Segment Start: Dataset records

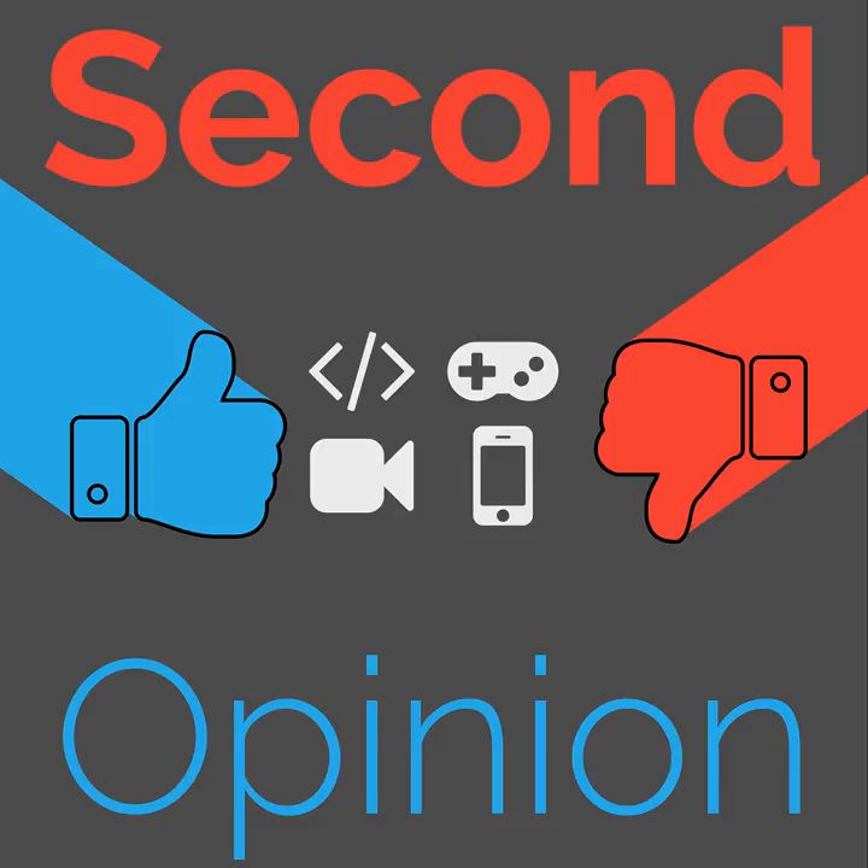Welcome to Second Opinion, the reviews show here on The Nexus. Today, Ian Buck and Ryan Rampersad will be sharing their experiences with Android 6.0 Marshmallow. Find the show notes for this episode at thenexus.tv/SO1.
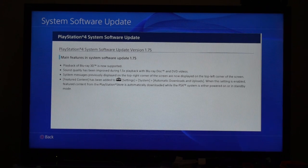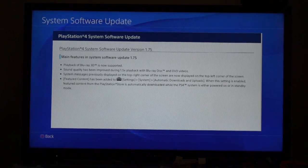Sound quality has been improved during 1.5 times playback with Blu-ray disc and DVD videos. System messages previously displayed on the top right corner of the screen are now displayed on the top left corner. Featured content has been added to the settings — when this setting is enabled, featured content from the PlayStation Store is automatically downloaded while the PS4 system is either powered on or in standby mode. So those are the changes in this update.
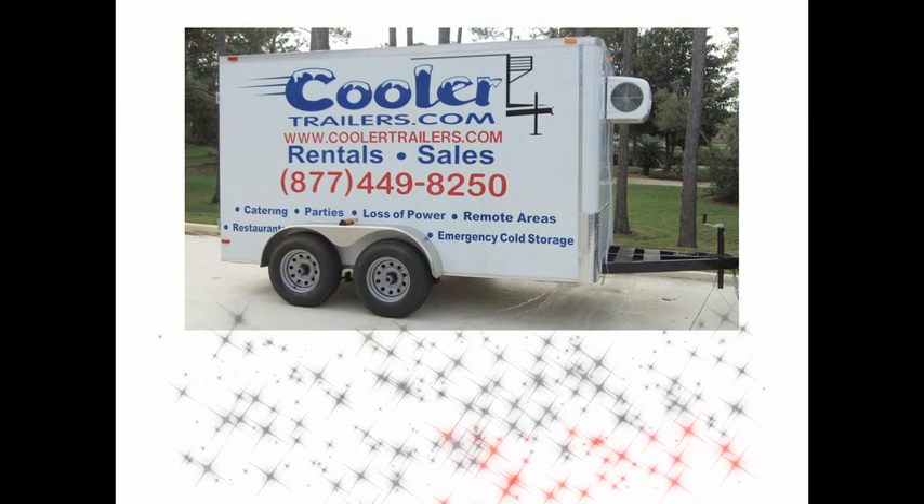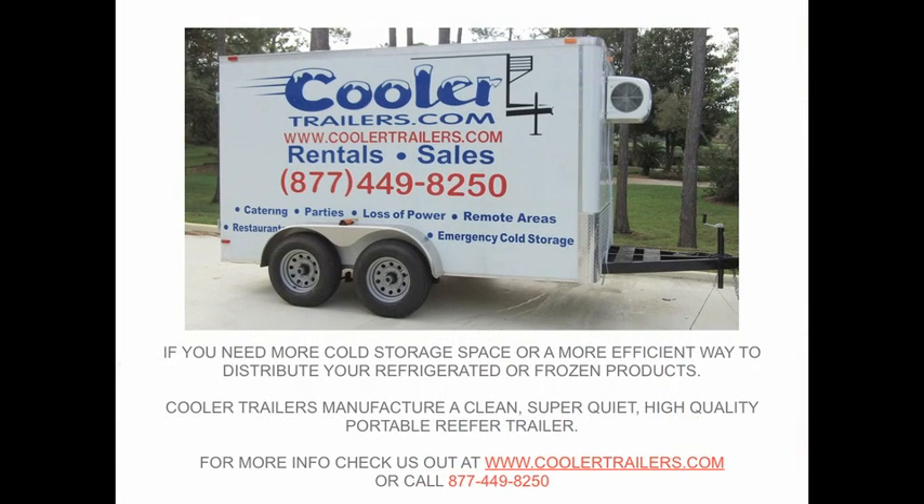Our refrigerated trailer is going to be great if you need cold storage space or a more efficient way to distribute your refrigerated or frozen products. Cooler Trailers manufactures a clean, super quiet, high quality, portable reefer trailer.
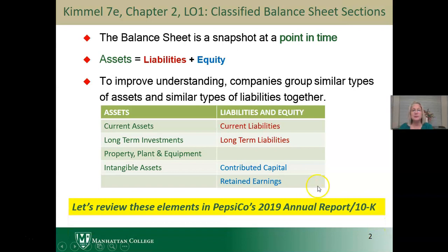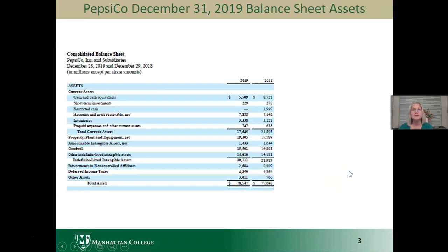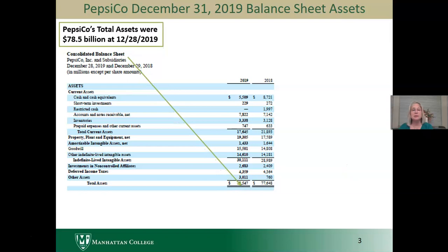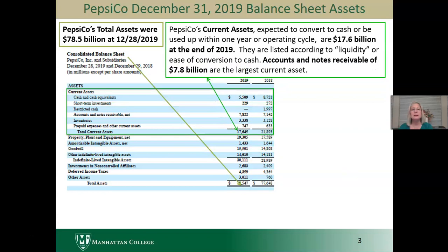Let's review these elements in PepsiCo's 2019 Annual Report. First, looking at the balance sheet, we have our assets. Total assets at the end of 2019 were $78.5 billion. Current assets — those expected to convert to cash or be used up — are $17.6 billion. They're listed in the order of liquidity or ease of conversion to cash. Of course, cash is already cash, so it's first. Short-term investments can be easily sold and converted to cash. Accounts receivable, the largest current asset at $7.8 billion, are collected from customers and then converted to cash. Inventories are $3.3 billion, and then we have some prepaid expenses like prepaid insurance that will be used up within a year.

Segment End: Dataset records
Segment Start: Dataset records

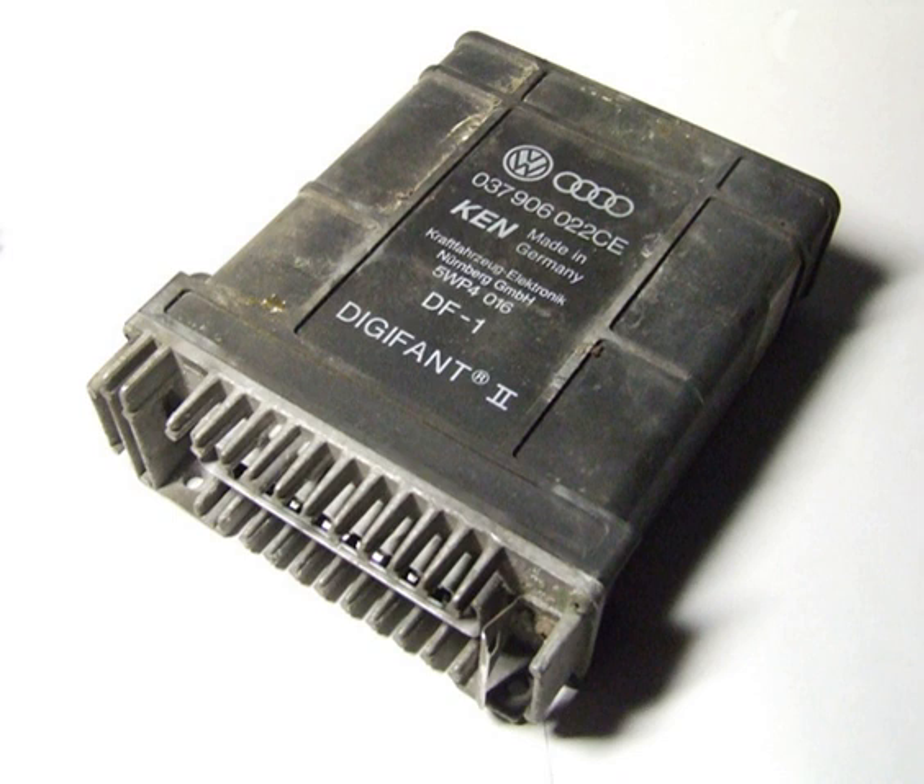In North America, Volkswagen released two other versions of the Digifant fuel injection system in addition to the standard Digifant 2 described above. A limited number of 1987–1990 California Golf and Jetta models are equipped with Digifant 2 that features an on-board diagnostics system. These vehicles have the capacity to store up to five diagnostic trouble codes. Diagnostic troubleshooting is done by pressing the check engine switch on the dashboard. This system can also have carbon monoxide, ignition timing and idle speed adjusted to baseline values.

Segment End: Dataset records

Without the pictures, give again exactly the lines above starting at the line containing "Sound quality has" and ending at the line containing "Our refrigerated trailer".

*Solution to this exercise*:
Sound quality has been improved during 1.5 times playback with Blu-ray disc and DVD videos. System messages previously displayed on the top right corner of the screen are now displayed on the top left corner. Featured content has been added to the settings — when this setting is enabled, featured content from the PlayStation Store is automatically downloaded while the PS4 system is either powered on or in standby mode. So those are the changes in this update.
Our refrigerated trailer is going to be great if you need cold storage space or a more efficient way to distribute your refrigerated or frozen products. Cooler Trailers manufactures a clean, super quiet, high quality, portable reefer trailer.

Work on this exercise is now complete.